On Mon, Dec 26, 2011 at 9:09 AM, Everton Zanella Alvarenga <
everton137(a)gmail.com> wrote:
Hi, Andrew.
Em 25/12/2011 00:41, "Andrew Owens" <orderinchaos78(a)gmail.com> escreveu:
I'm an educator and tried to get involved with Wikiversity, but almost
anything I looked at in my home area was complete but chronically
sub-standard, focused away from the needs of my students, and it was not in
any way clear how I could contribute or what was acceptable or
unacceptable. In the end I simply gave up - there are others doing the same
sort of thing much better (eg WikiEducator). I've heard similar stories
from many other educators across a range of fields.
May you, please, show me the Wikiversity page where you have tried that?

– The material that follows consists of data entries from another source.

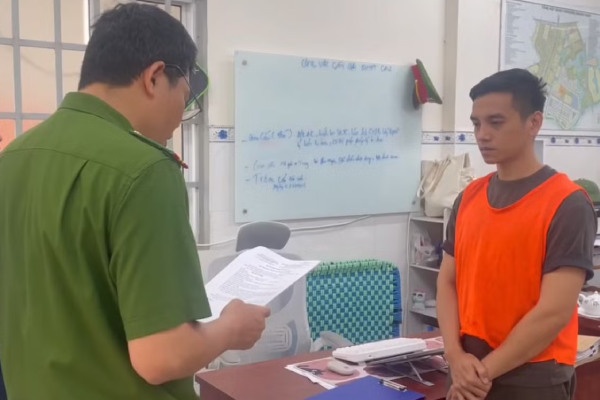 Bat tam giam 'thay tam linh' TikTok lua dao giai nghiep hinh anh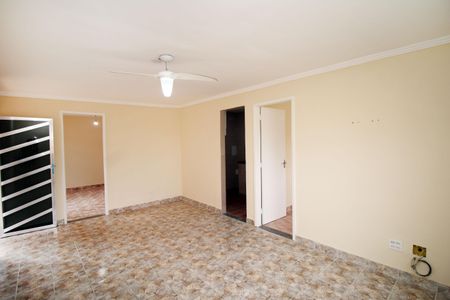 Sala de casa para alugar com 2 quartos, 70m² em Vaz Lobo, Rio de Janeiro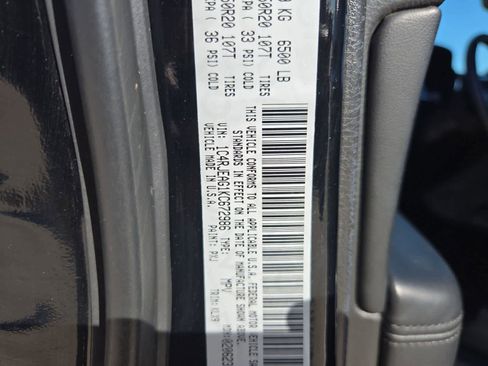 Used 2019 Jeep Grand Cherokee Altitude image 36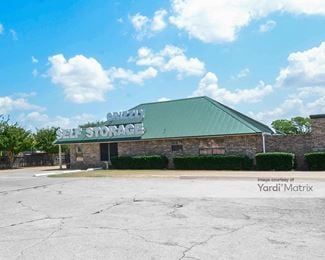 Photo 2 of Grizzly Self Storage - 1480 North Hampton Road, DeSoto, TX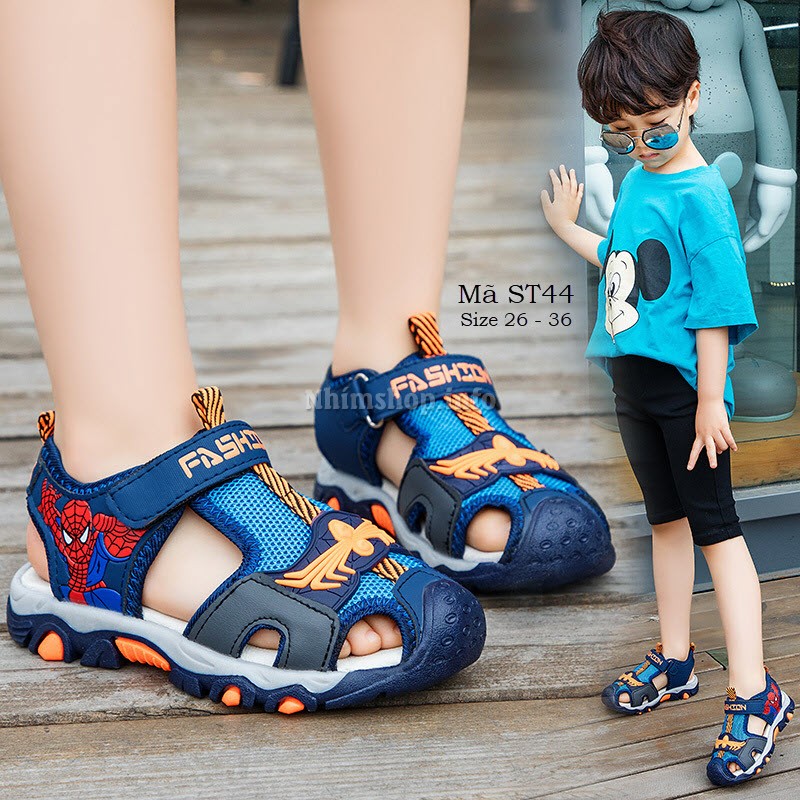 Giày sandal trẻ em cho bé trai, dép quai hậu họa tiết siêu nhân spiderman người nhện phong cách Hàn quốc, bít mũi, cao su quai dán, đi mưa, đi học, đi biển từ 3 - 12 tuổi màu xanh đen kết hợp cam cá tính ST44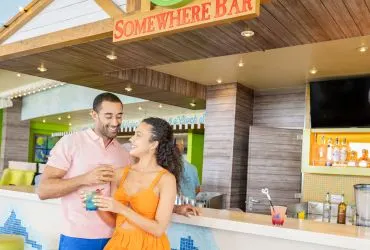 5 o’Clock Somewhere Bar and Grill aboard Margaritaville at Sea Paradise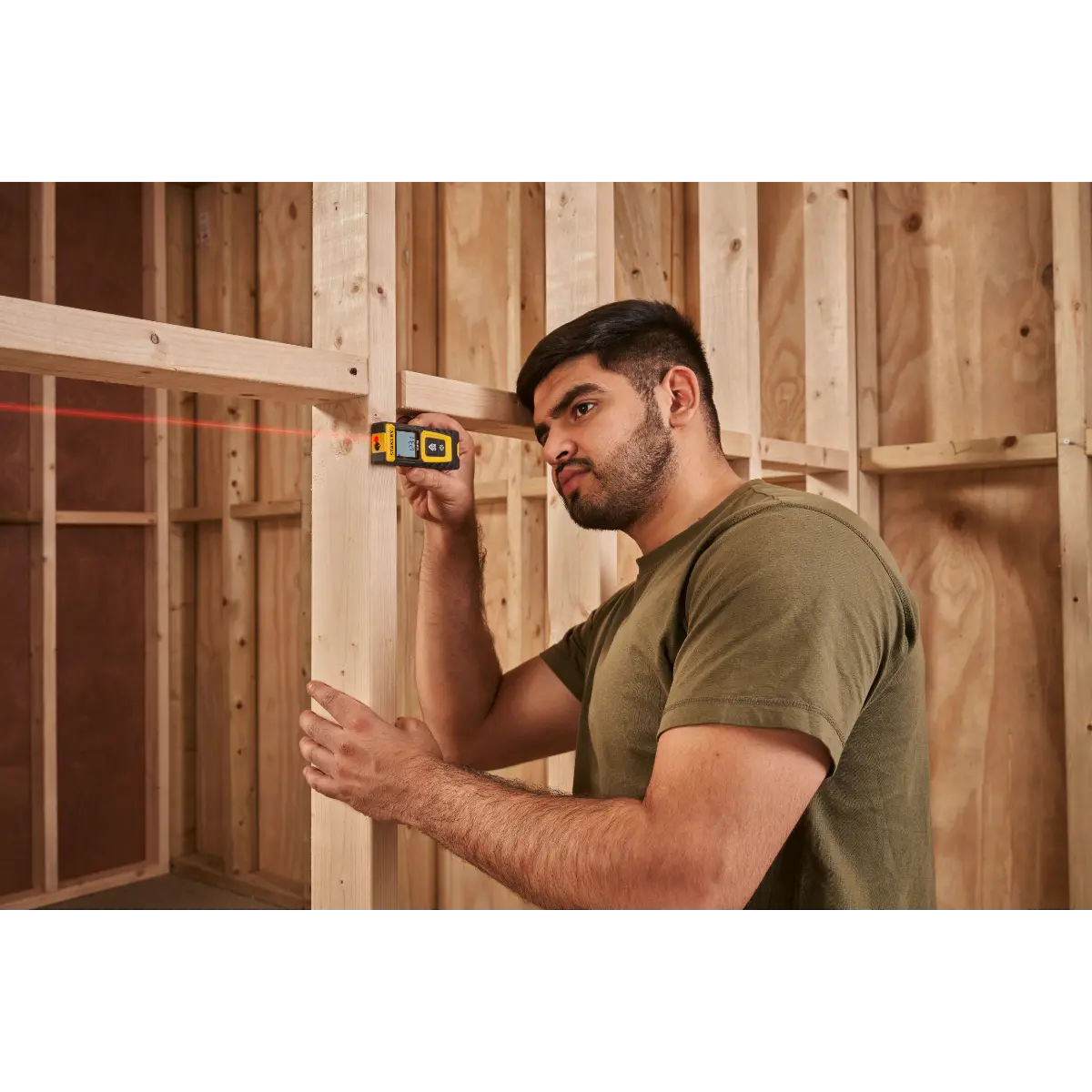 STANLEY Entfernungsmesser SLM100 bis 30m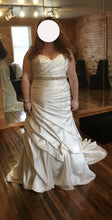 Load image into Gallery viewer, Custom &#39;Cody &#39; wedding dress size-16 NEW
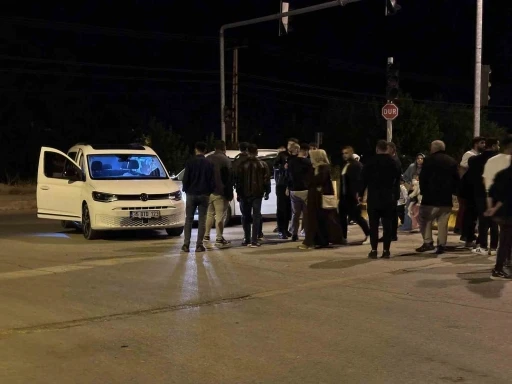 Hask&ouml;y&rsquo;de iki otomobil &ccedil;arpıştı: Yaralanan olmadı
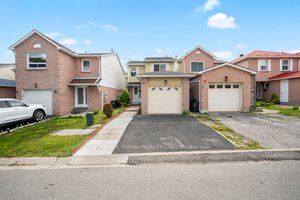 37 Frontier Ptwy, Toronto, Ontario, Malvern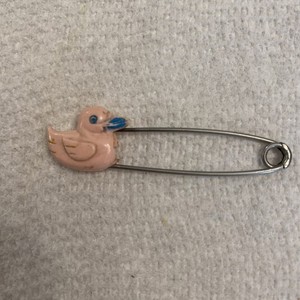 Vintage Diaper Pin -Stainless w Plastic Head. Pink duck Blue Beak  1950s. Japan.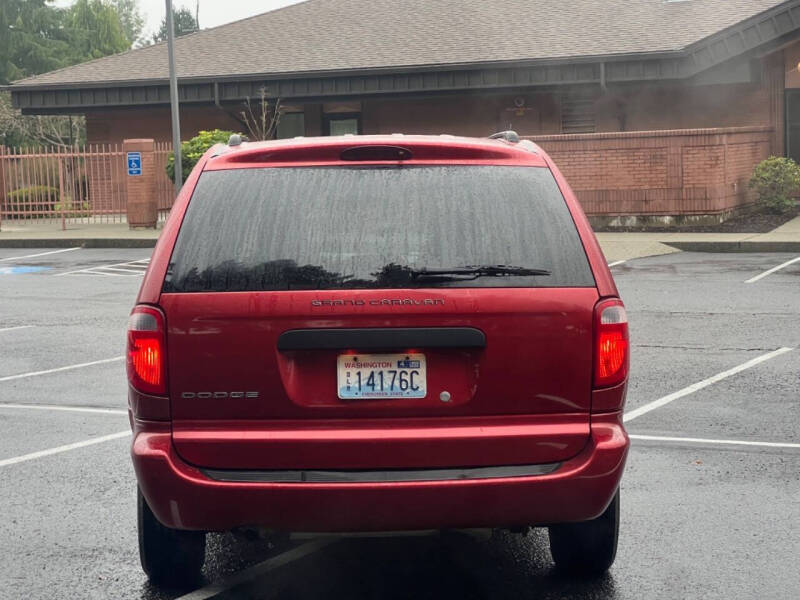 2006 Dodge Grand Caravan SE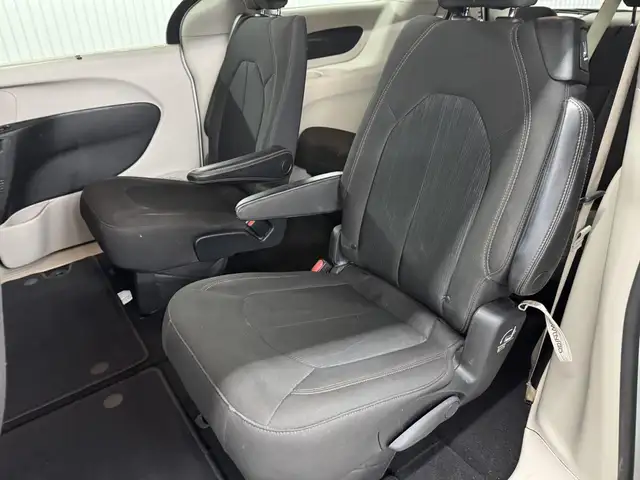 Chrysler Pacifica Touring 2020 à vendre - Photo 18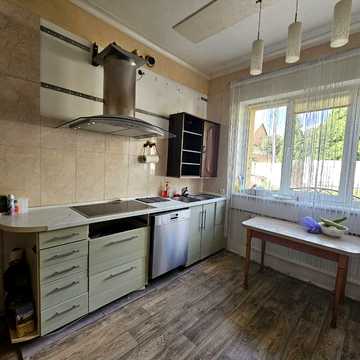 Соборності України вул. (Возз'єднання), 39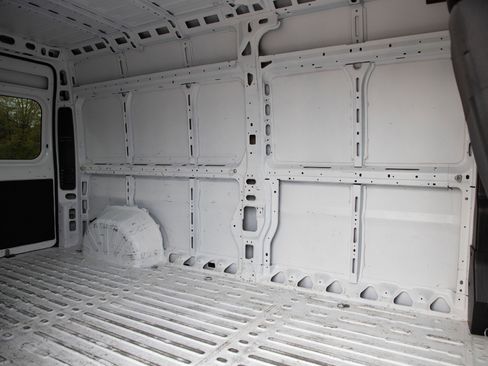 Used 2023 RAM ProMaster 2500 image 11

I havent't thought about WikiEducator, that's a good idea to analyse,
thanks to remeber! I'll see if we have a community there in Portuguese as
well.
My impression: Wikiversity -> too horizontal. WikiEducator -> the
tradiciontal hierarchy. Besides that, it seems [[user:solstag]] has been
using pt.wikiversity succefully on a course on cultural centers and
universities here in Brazil.
As a random aside, my university probably has one of the biggest footprints
on Wikiversity. Our page can be found at
http://en.wikiversity.org/wiki/University_of_Canberra . They've had
several classes using the project, have over 7 staff members using in, and
have been using it to organise a wiki conference in Australia:
http://en.wikiversity.org/wiki/University_of_Canberra/RCC2012 . The latter
is hosted on campus at our university and last year's conference attracted
a number of academics. We couldn't host it on the RecentChangesCamp wiki
on its own domain because of issues during the conference regarding wiki
open ness, down time, etc. The people doing the tech for it were in the
USA. :( I think the word my university has been doing has been pretty
fantastic. :) Leigh Blackall has helped make it a success.